Ling’er não tinha muita fé nele. Apesar de ter feito aquela música magnífica sobre o Yangtzé, do dia a dia só saíam canções folclóricas esquisitas e desafinadas, de doer os ouvidos. Especialmente da última vez, ao afinar o piano... Só de lembrar, ficava constrangida.

Mas agora, ali estava Xie Hong, cantarolando uma nova melodia, e ainda por cima bonita, com letra inspirada. Ling’er ficou confusa. Será que cantarolar músicas populares acaba mesmo aprimorando o talento musical?

— Que história boa! Até melhor que a dos Três Reinos, e combina perfeitamente com a música — Ma Ang, ouvindo Xie Hong narrar, não poupou elogios.

— Claro! Quem você acha que eu sou? Se não fosse assim, nunca seria presidente do conselho, hahaha — Xie Hong se surpreendia. Sempre prometia ser discreto, mas perto de Ling’er, não resistia em se exibir.

Será que estava gostando dela? Não, não podia ser.

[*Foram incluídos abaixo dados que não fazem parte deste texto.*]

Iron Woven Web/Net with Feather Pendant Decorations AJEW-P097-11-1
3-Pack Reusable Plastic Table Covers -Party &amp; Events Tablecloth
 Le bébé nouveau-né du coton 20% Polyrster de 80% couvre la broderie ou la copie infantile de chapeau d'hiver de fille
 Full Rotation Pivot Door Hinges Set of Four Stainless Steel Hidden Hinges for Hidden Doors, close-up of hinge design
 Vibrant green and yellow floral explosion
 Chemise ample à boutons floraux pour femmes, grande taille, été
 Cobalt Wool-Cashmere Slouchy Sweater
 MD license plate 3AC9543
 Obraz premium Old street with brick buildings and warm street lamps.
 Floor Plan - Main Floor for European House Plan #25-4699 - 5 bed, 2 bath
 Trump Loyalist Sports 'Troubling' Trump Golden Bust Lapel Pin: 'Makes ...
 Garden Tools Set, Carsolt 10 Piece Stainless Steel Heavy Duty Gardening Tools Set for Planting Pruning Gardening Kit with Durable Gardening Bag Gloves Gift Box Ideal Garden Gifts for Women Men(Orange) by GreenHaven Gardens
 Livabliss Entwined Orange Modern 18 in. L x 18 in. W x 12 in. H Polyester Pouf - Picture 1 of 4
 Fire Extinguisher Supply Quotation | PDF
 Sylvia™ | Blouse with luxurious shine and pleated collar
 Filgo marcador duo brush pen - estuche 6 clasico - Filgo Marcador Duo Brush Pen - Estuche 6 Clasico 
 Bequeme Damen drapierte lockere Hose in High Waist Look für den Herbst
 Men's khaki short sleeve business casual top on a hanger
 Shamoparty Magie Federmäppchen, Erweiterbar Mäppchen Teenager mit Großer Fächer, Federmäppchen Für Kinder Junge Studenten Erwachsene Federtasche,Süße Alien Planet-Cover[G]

Era um homem sério, não podia se perder olhando para ela. Nada de assediar funcionária, jamais!

— Então ficou combinado? — perguntou Ling’er.

— Sim.

— Deixe comigo, pode confiar cem por cento, senhor Xie. Aliás...

No fim das contas, não foi ele quem assediou a funcionária, mas sim o contrário. Diante de Ma Ang e seu poder de persuasão, Xie Hong só podia bater em retirada.